アフロマンスが注目のイベントの仕掛け人たちを集め、話題のイベントの作り方についてトークする番組。今回はあめみやゆうさん(SILENT IT)、DJ SHINDYさん(沈黙ダンス)、楢崎政彦さん(佐賀県広報)らとともに「BUZZ 話題のイベントのつくり方」というテーマで話していました。




イベントを作るときに大事にしていること


アフロマンス:今日のトークテーマが「話題になるイベントを作る」っていうことなので、それを踏まえて話を聞いていきたいなと思います。イベントを作る時にここを大事にしていますみたいなの、なんかあります? じゃあ、あめみやくんに聞きます。


あめみやゆう:大事にしていること……僕は結構、いろんなコンセプトのイベントをやっていて。さっき、体験作家の話をしたんですけど。SDGs(持続可能な開発目標)ってあるじゃないですか。そのSDGsがそれぞれ終わった世界っていうのをフェスとして表現するという意味で、ソーシャルフェスっていうプロジェクトをやっていて。


あれはSDGsのゴールからひとつ、ターゲットを選んで。その課題が終わった未来というものをそのターゲットに取り組んでいる人たちと一緒に想像して。その未来を1日だけフェスとして表現するということで、「課題の啓蒙」ではなくて「希望の体験」から未来というものを作れないかな?っていう意味合いでやっていたりします。


だから、自分の作ったコンセプトに自分の作った企画がしっかり乗っているのかどうかっていうところ。それは毎回、かならず意識しているところですね。もっとざっくりと言うと、体験や自分が作っている企画に対して、自分の心がちゃんと響いているかどうかっていうところ。


アフロマンス:それ、すごいわかる。自分を基準にして作るか、誰かを基準にして作るかっていうので結構分かれますよね。


あめみやゆう:分かれますよね。めっちゃ。そういう意味で言うとシンディさんとかって逆じゃないですか? お客さんをすごく……。


DJ SHINDY:そうですね。僕はイベントを作るときに参加して楽しいかとか、新しい体験ができるかっていうのはすごい大事にしていて。イベントの作り方みたいなところで言うと、前にアフロさんと対談させてもらった時にも2つ、言ったんですけど。
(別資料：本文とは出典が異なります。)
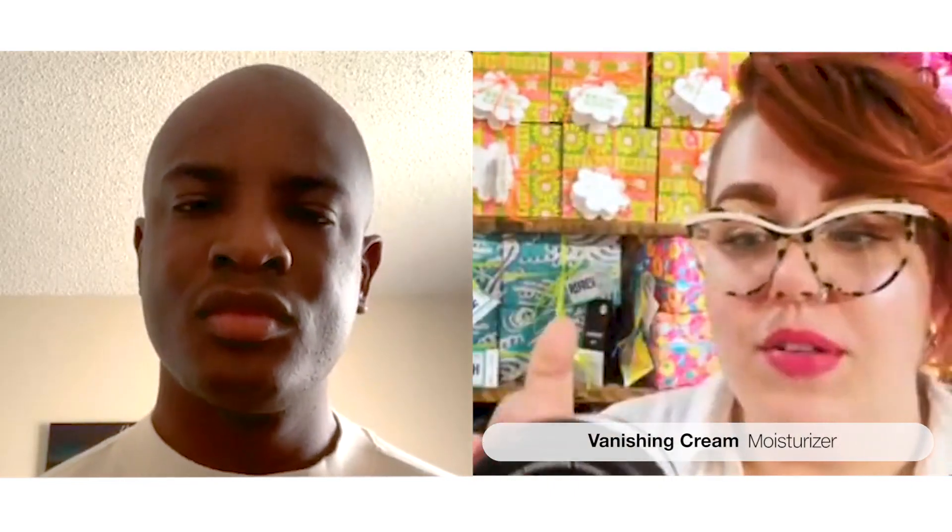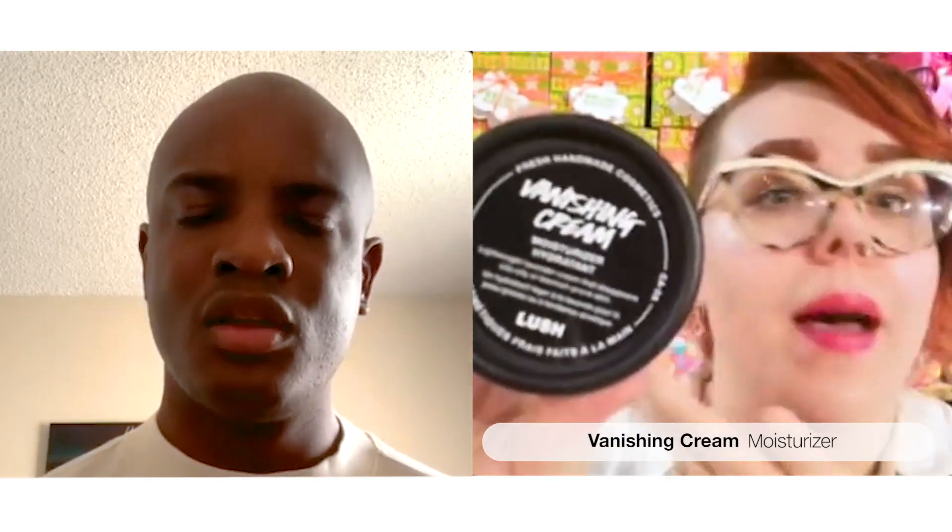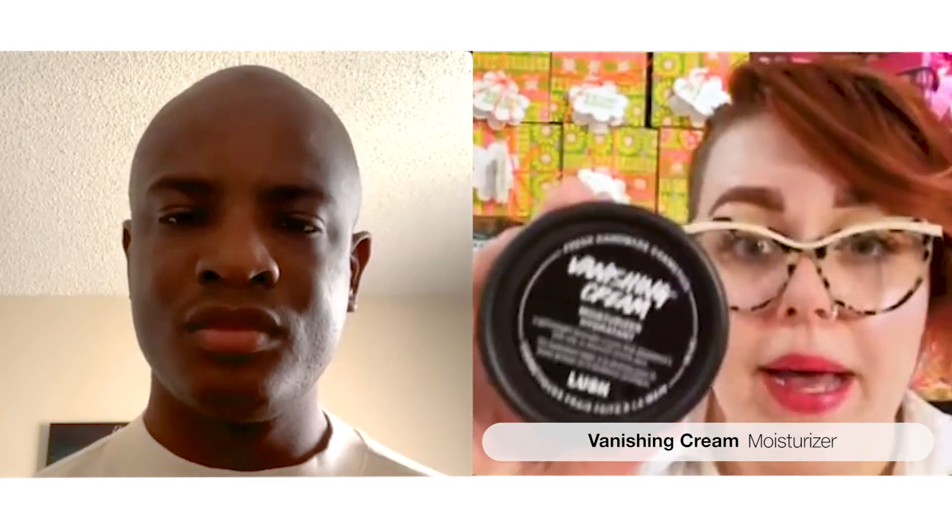I also grabbed Imperialis — the hero ingredient is lavender. Lavender is so good: calm, gentle, and relaxing, and it leaves your skin at a really beautiful balance. Then there's Vanishing Cream, which also has lavender but it's infused with honey, so it keeps moisture on your skin all day without feeling heavy. Perfect — sounds like I have some new stuff to include in my routine!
話題になるイベントって2つだなと思っていて。圧倒的にコンテンツ力がある、強い企画。まあ、単純にフェスとかでも「大きい」とか「ゲストが豪華」とか、パワーのあるものっていうのは当然話題になりますし。


もうひとつは違和感がある企画。沈黙ダンスっていうのはまさに「えっ? クラブなのにしゃべれないの?」みたいな違和感ですよね。お客さんがなにか言いたくなるようなものっていうのは話題になるかなって、それはずっと思っているところというか。イベントを作る時にいちばん意識してるところではありますね。
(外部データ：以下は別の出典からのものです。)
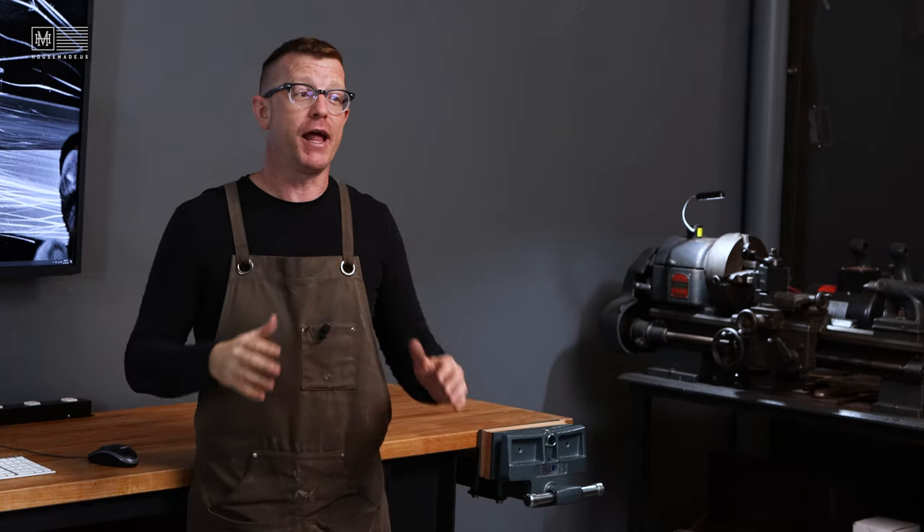Thank you so much for everything you all have contributed to my life — I truly appreciate you. Thank you so much for hanging out in my workshop and studio. I hope to see you on the next video where we are going to be hanging Wall Control on these walls right back behind me, and I'll get all of my tools out of my tool chest and onto the wall. I hope you come along for that ride as well. Thank you so much, guys. My name is Brian House and this has been Housework.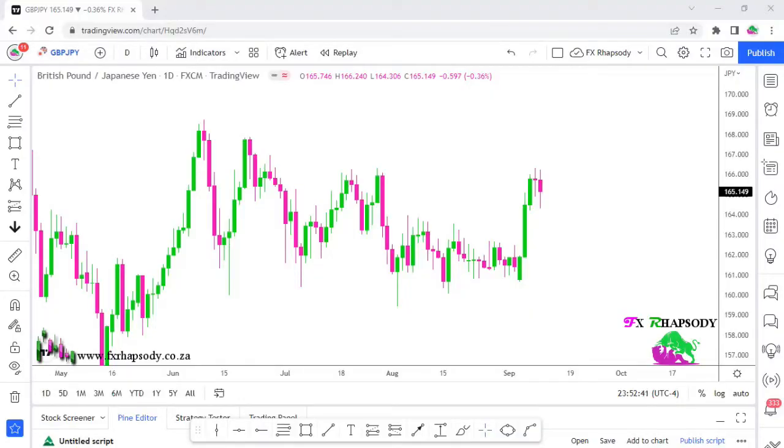Welcome back to FX Rhapsody. Today we're looking at two currency pairs: the British pound Japanese yen and the British pound US dollar. For those of you new to my channel, go visit my website — you'll find previous analysis, the resource tab where you can download the COT report for free, and some nice material and strategies for those getting started in trading.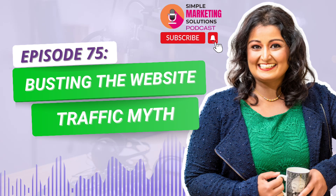Are you struggling with your digital marketing efforts? Do you want to simplify and automate your marketing process but don't know where to start? Well, look no further than the Simple Marketing Solutions Podcast. Hi there, my name is Amita, and I'm your host and guide on this journey towards marketing success.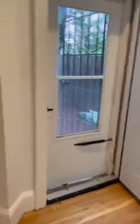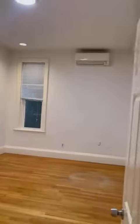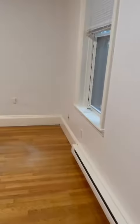Second bedroom, third bedroom, fourth bedroom.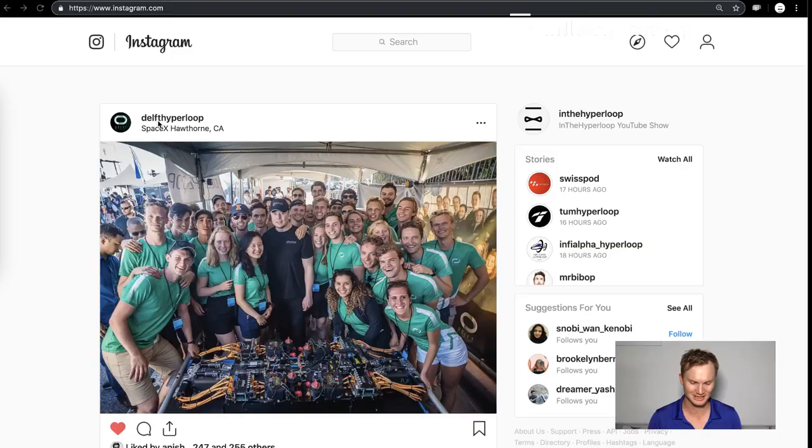We experienced the SpaceX pod competition from just outside the gate and we are just so happy and thrilled that all these teams did really well for this difficult pod competition of achieving maximum speed. We're going to dive into some of the latest social media posts.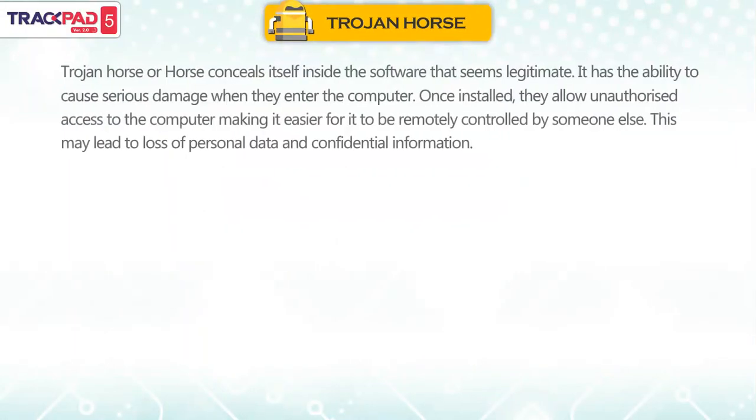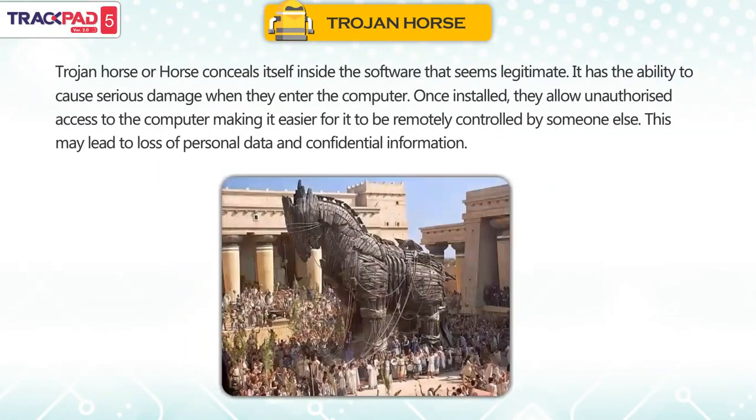A Trojan horse conceals itself inside software that seems legitimate. It has the ability to cause serious damage when it enters the computer. Once installed, it allows unauthorized access to the computer, making it easier for it to be remotely controlled by someone else. This may lead to loss of personal data and confidential information.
アフロマンス:まあ違和感の作り方だと思うんだけど。お金をかけずにやるイメージが、僕はあるんだけれども。結構「引き算」のクリエイティブをするなって思っていて。よくみんな、「企画を考えよう」って思う時ってどんどん足していくというか。不安なんだよね。「もっとこういうことをやった方が人が来るんじゃないか?」って思って盛り盛りにしちゃうんだけど。でもそれによってぼやけてしまうっていうか。「これ、何をやりたいイベントなの?」っていう。そういう時にシンディはいまあるクラブイベントから「しゃべる」っていうことを引き算したりとか。そうすることで新しい体験を作るみたいなところはあるよね。
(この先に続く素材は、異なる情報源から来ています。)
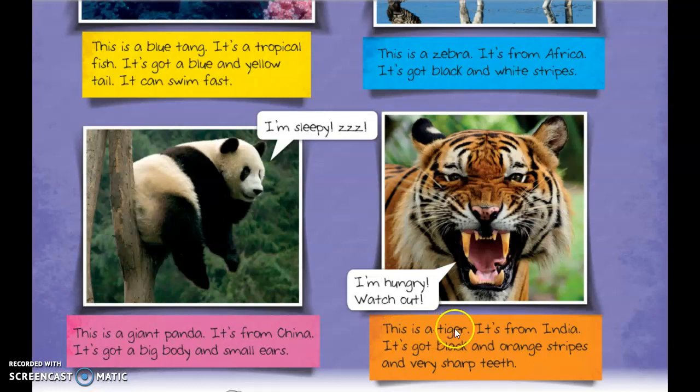This is a tiger. It's from India. It's got black and orange stripes and very sharp teeth. To be continued...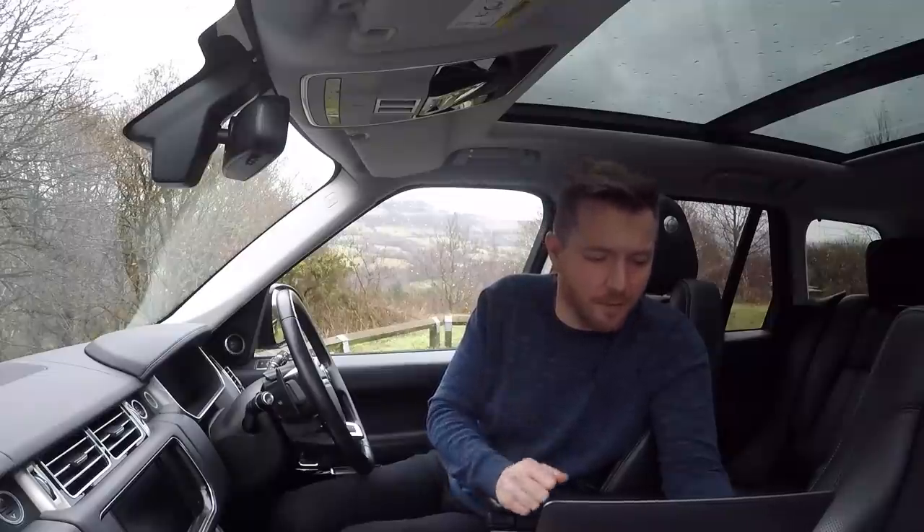All right guys, how's it going? Welcome back. Today I'm going to do a second part of the Rate My Ride video. I got that many requests, I thought it'd be a bit unfair if I didn't try and feature more of your cars. So here we go.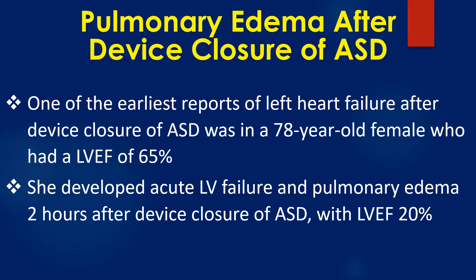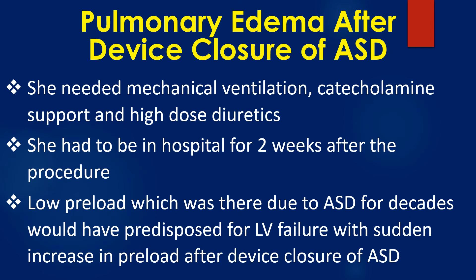One of the earliest reports of left heart failure after device closure of ASD was in a 78-year-old female who had a left ventricular ejection fraction of 65%. She developed acute left ventricular failure and pulmonary edema 2 hours after device closure of ASD, with LV ejection fraction dropping to 20%. She needed mechanical ventilation, catecholamine support, and high-dose diuretics, and had to be hospitalized for 2 weeks after the procedure.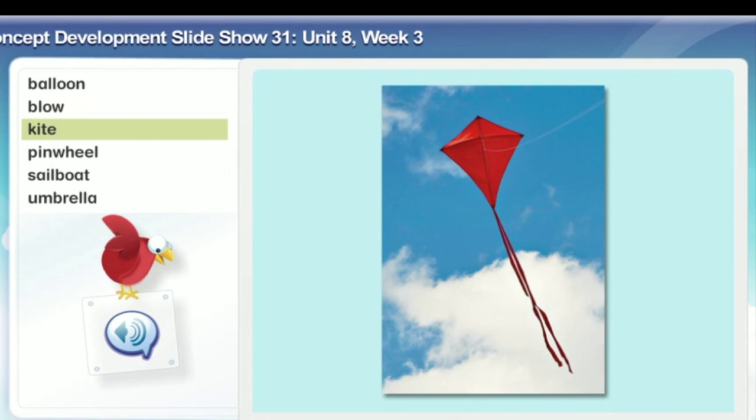Kite. A kite is a toy meant to be flown in the wind. It's usually made of a wooden frame covered with paper, cloth, or plastic.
DJ SHINDY:そうですね。沈黙ダンスはまさに。引き算もそうですし、引き算をした結果、お客さん全員に共通のルールを敷くことができるんですよ。だからお客さんはそこに来たらみんな一緒でしゃべってはいけない。しゃべらずにその中でがんばるっていう同じルールを持っている人たちが中にいるという。そうなると、同じ空間を共有しているという見えない連帯感みたいなものができてくるんですよね。それはすごい大事だなと思いますね。


あめみやゆう:文化人類学者のロジェ・カイヨワっていう人が言うには、遊びって2つしかないんですよ。ひとつはルールを作る遊び。もうひとつはルールを外す遊び。そのどちらかという風に言われていて。人類の文明というのも、そのルールを作る遊びと作らない遊びのバイオリズムで実は文化っていうものができているのではないか?っていう仮説もあるぐらい、遊びというのは文明を押し進めている。そんな仮説があったりもするんですけど。シンディさんの方は完全にそのルールを課すっていうところで遊んでいるなっていつも思っていて。


アフロマンス:泡パはどうなります?


あめみやゆう:泡パはもう完全に解放じゃないですか?


アフロマンス:あれのルールは?


あめみやゆう:「グチャグチャになりたい」みたいな。ルールを課さないという意味で。あんだけグチャグチャになれれば、周りの目とかどうでもよくなって、「ワーッ!」ってなれるじゃないですか。という意味で解放をさせているんだろうなって。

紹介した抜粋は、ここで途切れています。